Saturday, November 17, 2001

PUBLIC HERO #1 (1935)

This movie felt like a combination of WHITE HEAT (without the Oedipal psychodrama and the masterful Cagney performance) and BRINGING UP BABY (without the dinosaur or the leopard). Chester Morris is a Fed planted in prison to help crack a murderous holdup gang, led by Joseph Calleia. They break out of prison and, while on the lam, run into Calleia's sister, Jean Arthur. Her interaction with Morris when they first meet is the stuff of screwball comedy--she's whimsically pushy and he's interested but preoccupied--but soon the tone turns back to crime melodrama. Lionel Barrymore is a drunken doctor who tends to the gang members when they return all shot up from their heists. Like Arthur, his performance is comic at first, then more melodramatic. Barrymore gets top billing, which I assume must have been some kind of contractual perk since his is definitely a supporting role. He also seems to be running on half-speed, which for some is perhaps preferable to his full speed (though I tend to find Lionel Barrymore a definite plus in any film).

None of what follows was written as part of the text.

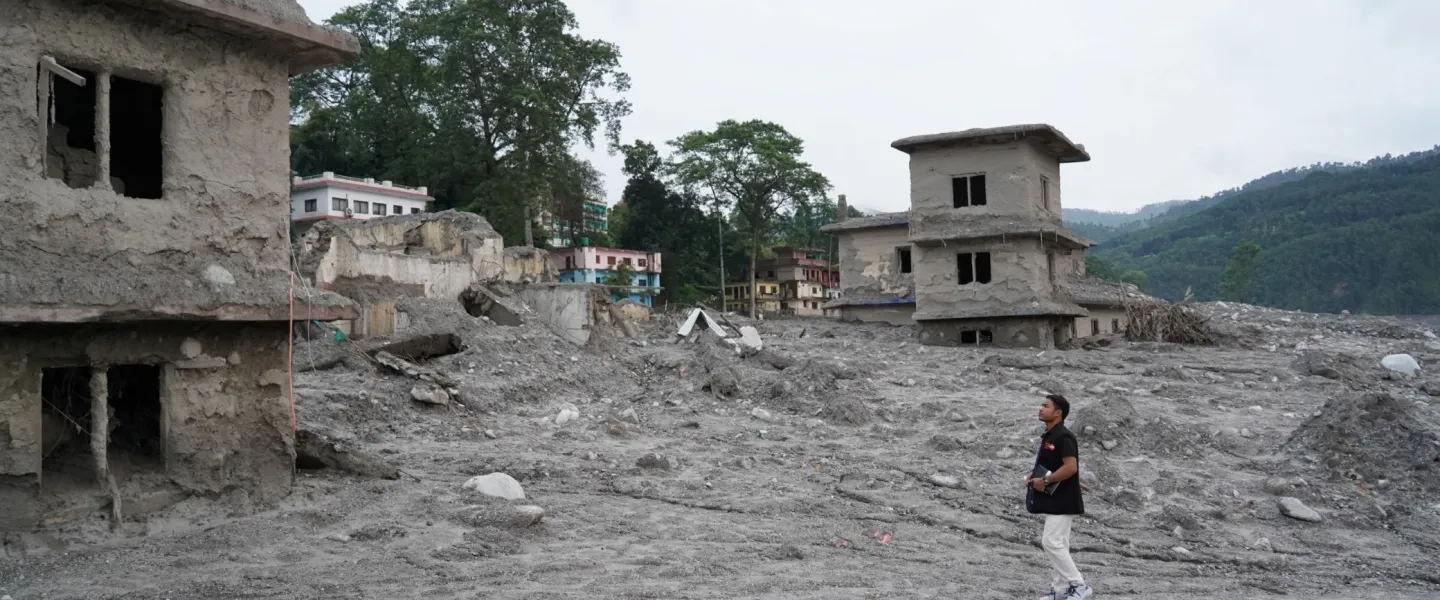 A UN Volunteer with the United Nations Population Fund, Ashok Chaudhary, assesses flood-affected Nuwakot and Rasuwa Districts for emergency supply distribution in early September 2026.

I think I'm growing fond of Chester Morris. I've only seen him in a handful of movies, but he does the cocky and/or stoic part well. He's also sort of good looking, if you like the broken-nose, square-jaw look of the comic book hero. I know his biggest fame was as Boston Blackie, but I've never seen one of those movies. As far as acting chops, he can't really keep up with Arthur or Barrymore, but in his scenes in the prison early in the movie, where he's not competing with them, he's pretty good. Arthur is, as always, very good and fun to watch. Not a classic, but certainly worth catching if for nothing else for its odd mix of screwball romance and prison-escape melodrama.